Work required: Give back an exact copy of the lines in the records below, from the line that has "During this time" through the line that has "Create a new", and nothing besides.

Start of Records to process

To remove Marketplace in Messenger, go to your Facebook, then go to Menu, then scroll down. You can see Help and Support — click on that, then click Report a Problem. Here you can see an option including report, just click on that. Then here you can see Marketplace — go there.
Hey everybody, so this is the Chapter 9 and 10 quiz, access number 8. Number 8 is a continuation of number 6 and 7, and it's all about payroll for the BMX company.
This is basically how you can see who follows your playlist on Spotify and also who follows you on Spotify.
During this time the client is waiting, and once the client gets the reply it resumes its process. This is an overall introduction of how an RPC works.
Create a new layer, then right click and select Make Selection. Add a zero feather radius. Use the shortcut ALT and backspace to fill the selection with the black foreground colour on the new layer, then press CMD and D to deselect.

End of Records to process
Start of Records to process

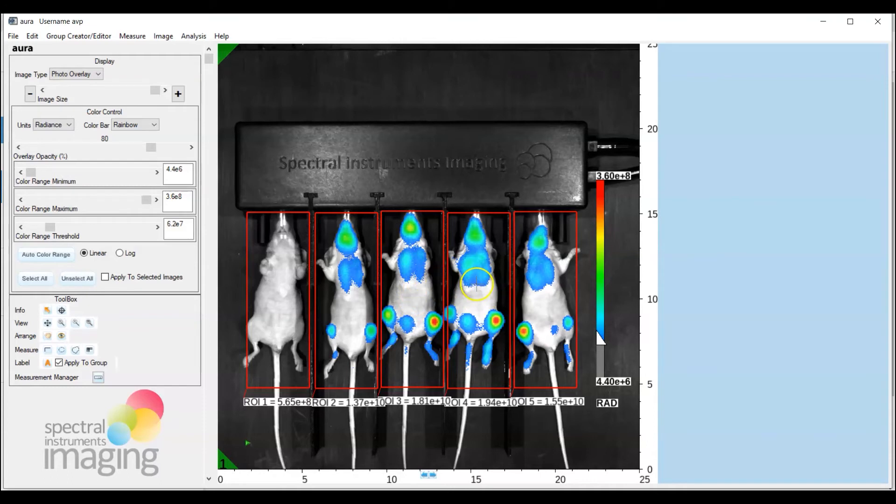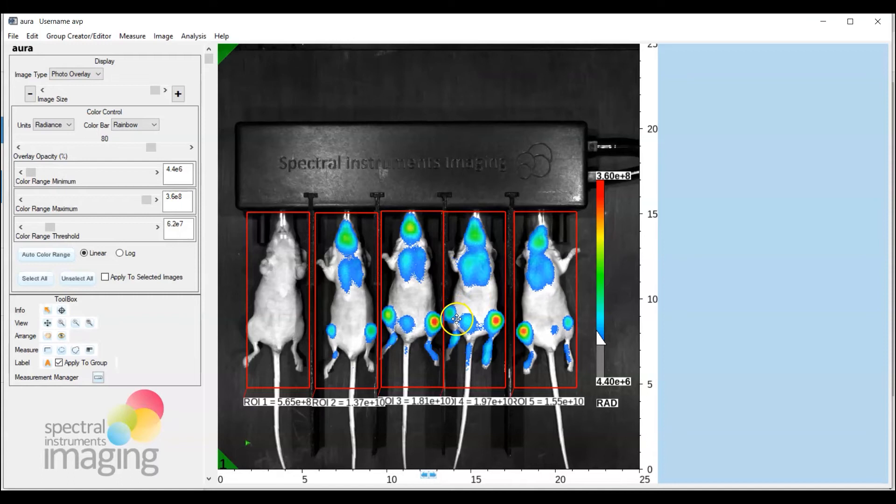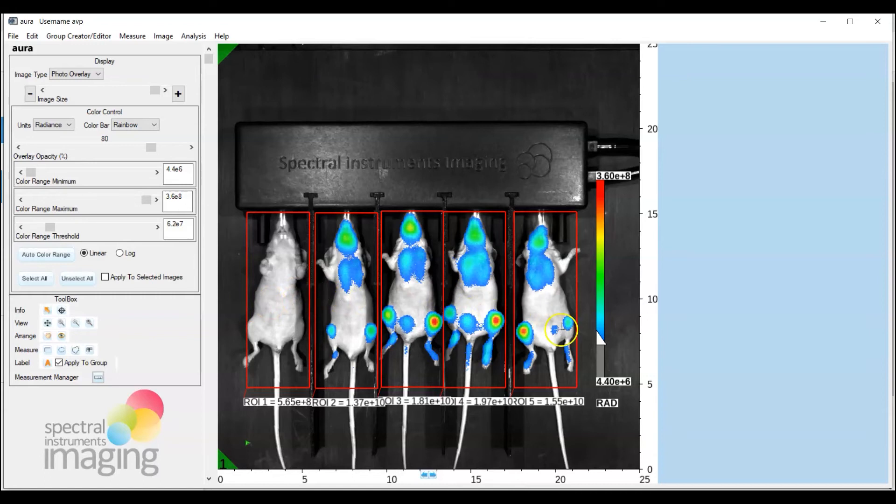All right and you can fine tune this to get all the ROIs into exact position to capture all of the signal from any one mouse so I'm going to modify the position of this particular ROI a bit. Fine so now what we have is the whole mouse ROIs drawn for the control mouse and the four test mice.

End of Records to process

Solution:
During this time the client is waiting, and once the client gets the reply it resumes its process. This is an overall introduction of how an RPC works.
Create a new layer, then right click and select Make Selection. Add a zero feather radius. Use the shortcut ALT and backspace to fill the selection with the black foreground colour on the new layer, then press CMD and D to deselect.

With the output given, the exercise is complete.